=== Section Start ===
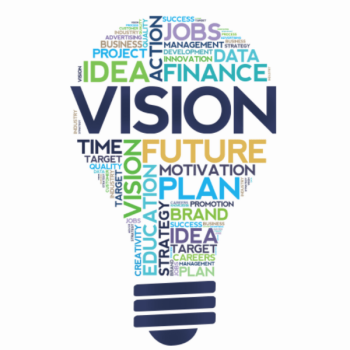 industrial relocation company
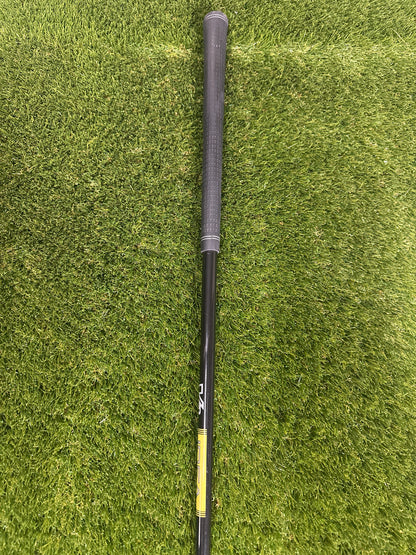 Adams Golf Idea Tech V3 3 HYB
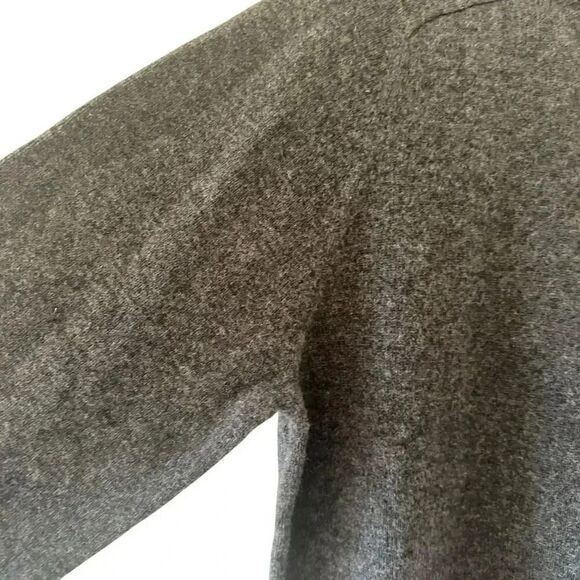 Original Penguin by Munsingwear Crewneck Sweater Men’s Lambs Wool Sz XL # 2330 - Picture 4 of 13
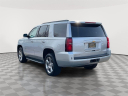 Thumbnail image of 2018 Chevrolet Tahoe at Empire Nissan of Hillside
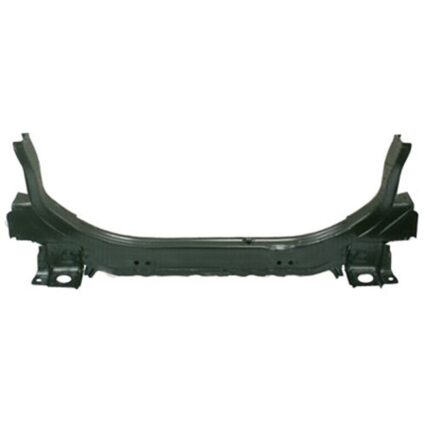 Radiator Support Lower Tie Bar for Mitsubishi Lancer 2008–2017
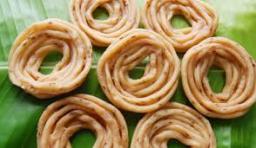 Extruded Snacks Market Adapts to Health-Conscious Consumers Avoiding Artificial Preservatives and Additives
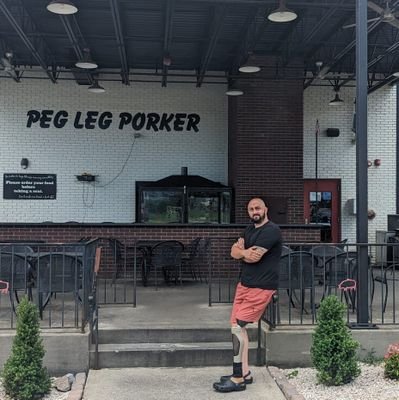 Ncar91's profile picture. 🇮🇪
🔴⚪⚫

#GlazersOut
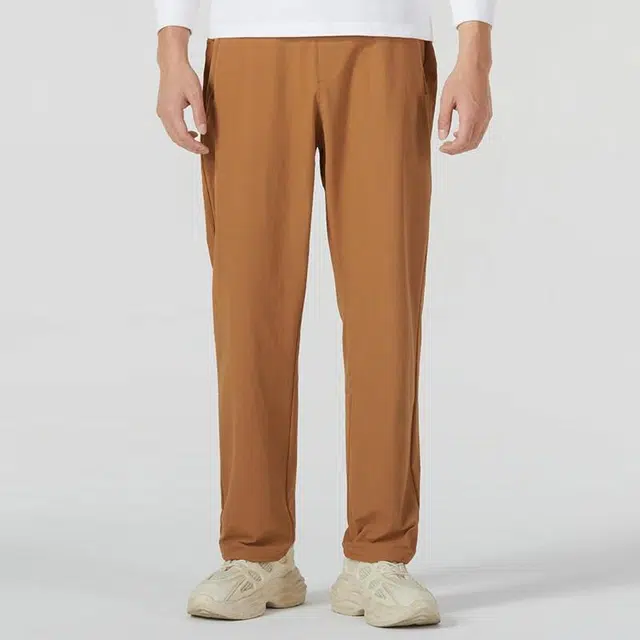 Jack Wolfskin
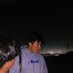e (@eeangarcia) Twitter profile photo e (@eeangarcia) Twitter profile photo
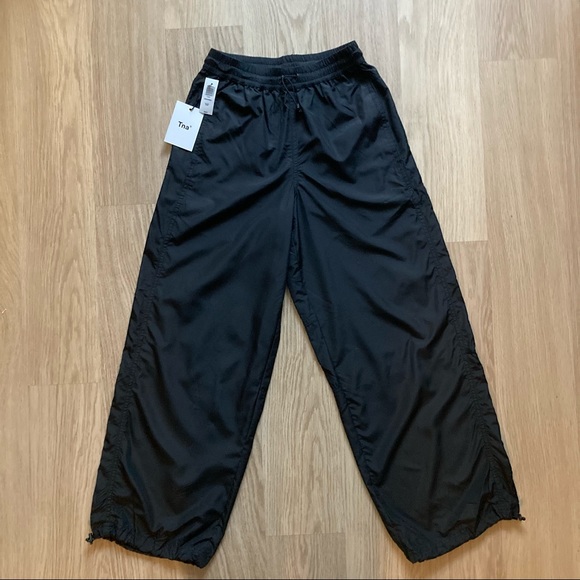 [Sold off app] TNA Redondo Pant - Picture 2 of 10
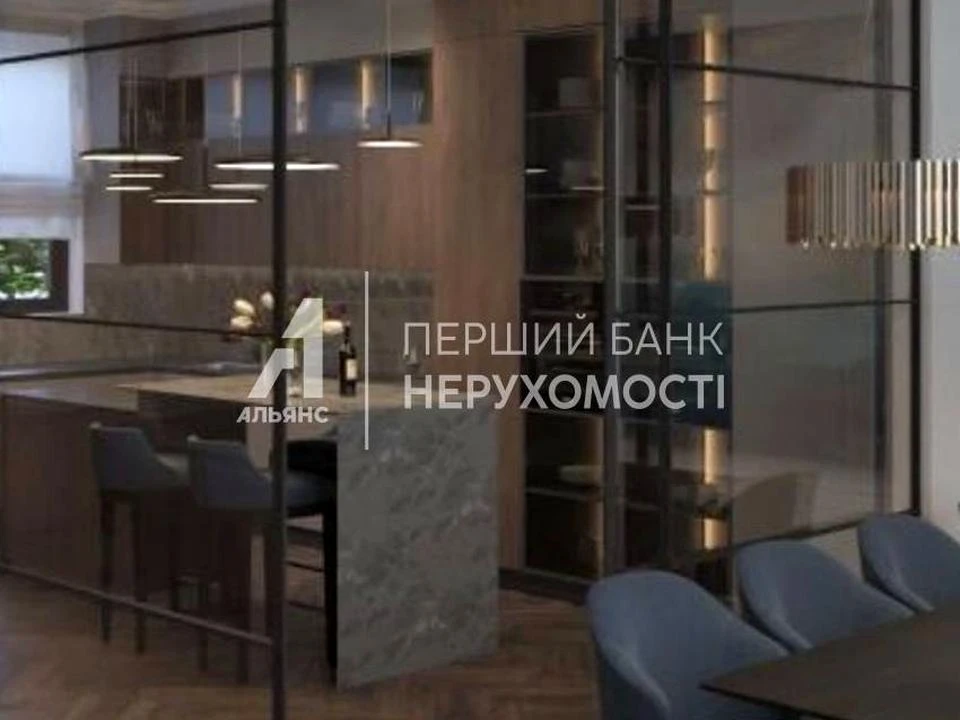 Будинок. Одеса, Сергія Єфремова вул.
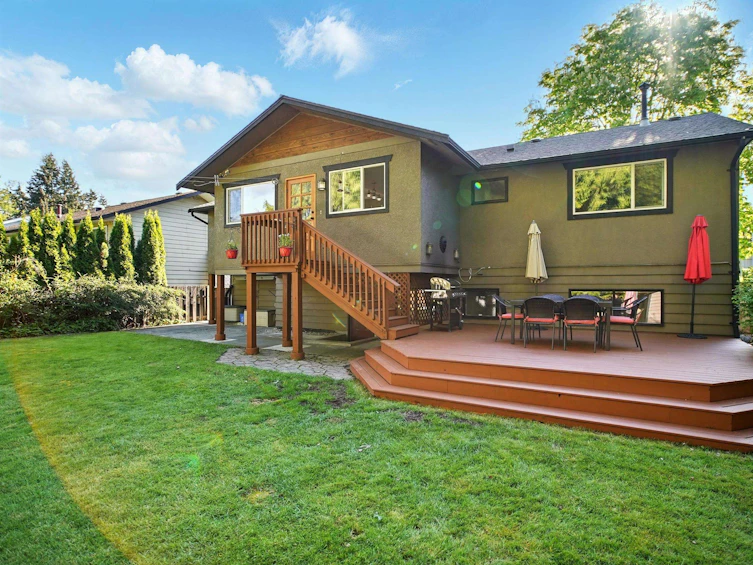 2645 Poplynn Drive, North Vancouver, BC, V7J 2Y1 - 37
=== Section End ===
:: Goal of the exercise ::
Retype, exactly and with no pictures, everything above from the line with "Original Penguin by Munsingwear" down to the line with "Будинок. Одеса, Сергія Єфремова вул.", both included.

:: Result ::
 Original Penguin by Munsingwear Crewneck Sweater Men’s Lambs Wool Sz XL # 2330 - Picture 4 of 13
 Thumbnail image of 2018 Chevrolet Tahoe at Empire Nissan of Hillside
 Radiator Support Lower Tie Bar for Mitsubishi Lancer 2008–2017
 Extruded Snacks Market Adapts to Health-Conscious Consumers Avoiding Artificial Preservatives and Additives
 Ncar91's profile picture. 🇮🇪
🔴⚪⚫

#GlazersOut
 Jack Wolfskin
e (@eeangarcia) Twitter profile photo e (@eeangarcia) Twitter profile photo
 [Sold off app] TNA Redondo Pant - Picture 2 of 10
 Будинок. Одеса, Сергія Єфремова вул.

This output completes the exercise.